What to Plan for When Selling Your Business in 2021
By Casey Murray, CPA, CA, LPA, Principal
Until 2017, the tax treatment of the sale of a company had been quite favourable to owners of Canadian businesses. Whether through the utilization of the lifetime Capital Gains Exemption (LCGE) on the sale of shares, or through taking advantage of low corporate tax rates on active income on an asset sale, vendors did not have to fork over substantial portions of the sale proceeds to the Canada Revenue Agency (CRA).
Since January 1, 2017, vendors haven’t been so fortunate when it comes to the sale of assets (share sales are largely unchanged, aside from an increase in the LCGE available). In the March 2016 Federal Budget, the government announced key changes to tax legislation that affected the after-tax proceeds to be retained when business owners sell their company’s assets. The new rules affected Canadian-Controlled Private Corporations (CCPCs); specifically, rules surrounding Eligible Capital Property (ECP). ECP includes intangible assets such as trademarks, customer lists, licenses, franchise rights, and most importantly, goodwill.
For many business owners, goodwill is one of the most substantial assets they have to sell. Developed over the lifetime of the company, it represents the value of your business, often associated with brand recognition, reputation with customers, and patents or proprietary technology, whether purchased or developed internally.

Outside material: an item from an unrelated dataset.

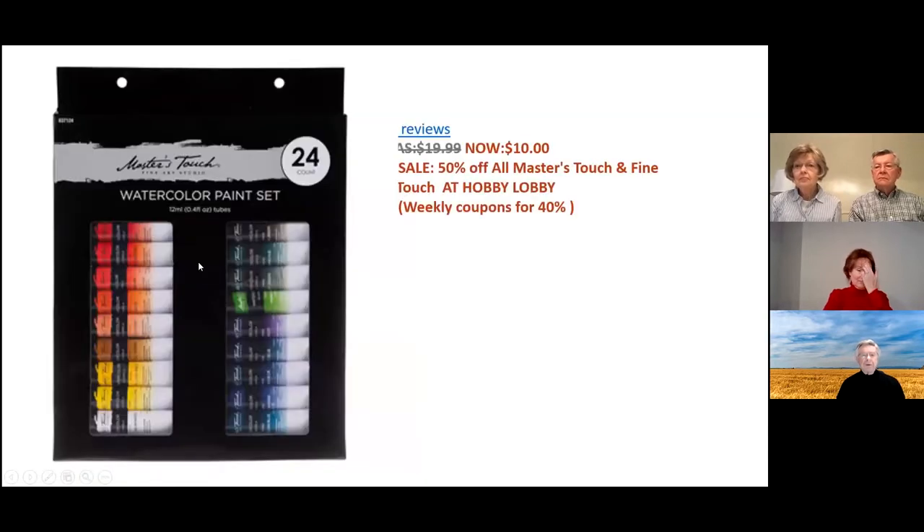This is a Master's Touch packet — that's where we took the paint from for your purposes. It's not a very expensive paint at all, and it's actually on sale right now at Hobby Lobby for 50% off, so if you want to expand your palette, now's the time. Even if you don't, you can get a weekly coupon at Hobby Lobby for 40% off and buy more paint pretty cheaply.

Under the old rules, half of the proceeds allocated to the sale of goodwill were subject to tax as active business income; currently 12.2% on income below $500,000 and 26.5% on income above $500,000 in Ontario. The other half of the proceeds were added to the company’s Capital Dividend Account (CDA), out of which dividends could be paid to shareholders with zero personal tax implications whatsoever. This allowed owners to distribute a portion of the sale proceeds tax-free, while deferring personal taxes on the remaining proceeds, which were taxed at the low active corporate rates.
Under the new rules, this tax deferral has disappeared. Sale proceeds allocated to goodwill are now subject to tax as inactive investment income in the form of capital gains, as opposed to active business income. This means that the effective tax rate of 6 – 13% in Ontario previously applied to a sale of goodwill has been increased to an effective tax rate of approximately 25%.
What should you do when selling assets or shares?
There are two ways to sell a company: sell the assets owned by the company, or sell the shares held in that company. There are also more complex hybrid models that are beyond the scope of this article. In general, buyers prefer to purchase assets, whereas vendors would rather sell shares for both tax and non-tax reasons. Under asset deals, buyers get to pick and choose the assets and liabilities they want and they benefit from being able to allocate fair market values to what they are buying. This can lead to tax savings in the form of higher depreciation and minimizing the impact of capital gains on asset sales down the road.
Vendors on the other hand would prefer to take advantage of the LCGE which, for 2021, exempts up to $892,218 of the capital gain from any personal tax whatsoever (aside from possible alternative minimum tax), assuming the company’s shares qualify at the time of the sale.
Under the rules introduced in 2017, vendors have an even stronger incentive towards share sales. Therefore, purchasers who want an asset sale may have to compensate the vendor for the additional taxes associated with such a deal.
If you are considering a sale of your business in 2021, it is worth reviewing your corporate structure first. Modifying the structure of your business may allow for partial sheltering of the capital gain and tax minimization on a sale.
Virtually no transaction is as significant as selling your business. Cashing out on a lifetime’s hard work should be an exciting time for any entrepreneur and one that keeps as much of the proceeds generated in your pocket as possible.
Deals can be complex and there are many ways to put them together. Given the changes brought in in 2017, there is even more reason to ensure careful attention is afforded to the process.
When contemplating such a substantial transaction, consulting with a tax professional can help ensure things go according to plan and that there are no unwelcome surprises, such as sharing more of the fruits of your labour with the tax authorities than necessary.